Eep! Sounds like someone better get on that, before something terrible happens! Except guess what, something terrible already did. "Plus a lot that we don't even know about," Kroft said. Great.

Enter Jim Lewis, who directs the Technology and Public Policy Program at the Center for Strategic and International Studies, who says that the United States experienced its "electronic Pearl Harbor" in 2007:

LEWIS: Some unknown foreign power, and honestly, we don't know who it is, broke into the Department of Defense, to the Department of State, the Department of Commerce, probably the Department of Energy, probably NASA. They broke into all of the high tech agencies, all of the military agencies, and downloaded terabytes of information.
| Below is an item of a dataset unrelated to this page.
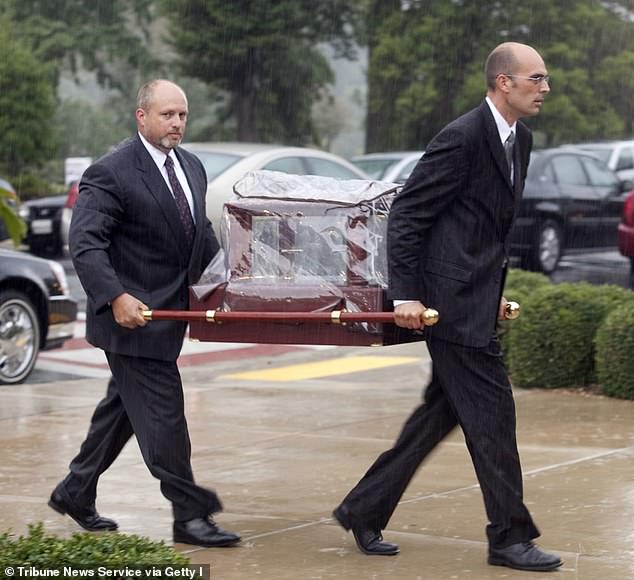 Lauren's torso, which had been placed in a black garbage bag, was found dumped in a garbage bin near her apartment.  Pictured: Pall pallbearers carrying her remains to her funeral service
Lewis goes on to point out that the entire Library Of Congress is the equivalent of 12 terabytes, so that sort of puts things in perspective, doesn't it? And it's not like hackers were making off with William Faulkner novels!

And last November, according to Lewis, "someone was able to get past the firewall and encryption devices of one of the most sensitive U.S. military computer systems and stay inside for several days." That system? The CENTCOM network, which you might know as "the people who are fighting all of our wars." The hackers were able to sit inside the network, tracking information and documents "like they were part of military command."

This, Lewis said, is the "most significant" breach of security ever "acknowledged by the Pentagon." Not acknowledging this, however, is the Bush administration, on whose watch all of this happened. Asked why the public was never told about the extent to which the United States had already suffered significant cyber-casualties, Lewis said: "You know, I've been trying to figure out why that is. And some of it is the previous administration didn't want to admit that they had been rolled in 2007." Worse yet, in Lewis' estimation, the seriousness of the threat, even now, "doesn't seem to be sinking in."

Hopefully, Liz Cheney will find some way to waterboard the Internet!